Dr. Guilherme Palitot 6 min de leituraCRM-PE 29401
O risco de câncer de próstata é dobrado em homens com pai ou irmão afetados. Com dois familiares de primeiro grau afetados, o risco é 3-5x maior. A influência é ainda maior quando o familiar foi diagnosticado antes dos 65 anos (câncer precoce).
Genes associados ao câncer de próstata
Mutações hereditárias em genes de reparo do DNA aumentam o risco:
BRCA2: Risco de câncer de próstata até 8x maior. Tumores mais agressivos. Rastreamento mais precoce e intensivo indicado.
BRCA1: Risco menor que o BRCA2, mas presente.
ATM, CHEK2, PALB2, MLH1: Outros genes de risco moderado.
O teste genético (painel de genes hereditários) é indicado para homens com câncer metastático ou história familiar forte.
Quando iniciar o rastreamento?
Para homens com histórico familiar positivo:
1 familiar de primeiro grau: início aos 45 anos
2 ou mais familiares: início aos 40 anos
Portadores de BRCA2: início aos 40 anos, com RM multiparamétrica anual
Tem dúvidas sobre este tema?
O Dr.
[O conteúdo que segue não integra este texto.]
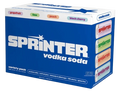 Sprinter Vodka Soda Variety Pack 12oz 8-Pack Can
Guilherme Palitot pode avaliar seu caso de forma personalizada — presencial em Recife ou por teleconsulta.
Devo fazer teste genético se meu pai teve câncer de próstata?+
O teste genético é indicado principalmente quando há histórico de câncer de próstata agressivo (Gleason alto, metastático) ou múltiplos cânceres na família (mama, ovário, pâncreas). Converse com o urologista sobre a indicação no seu caso específico.
Câncer de próstata é transmitido para filhos?+
A predisposição hereditária (não o câncer em si) pode ser transmitida. Filhos de homens com câncer de próstata associado a mutação BRCA2 têm 50% de chance de herdar a mutação — e devem ser encaminhados para aconselhamento genético.
Rastreamento genético muda o tratamento?+
Sim. Portadores de mutações em BRCA2 com câncer de próstata metastático se beneficiam de inibidores de PARP (olaparibe, rucaparibe) — terapia-alvo com excelente resposta nesses pacientes.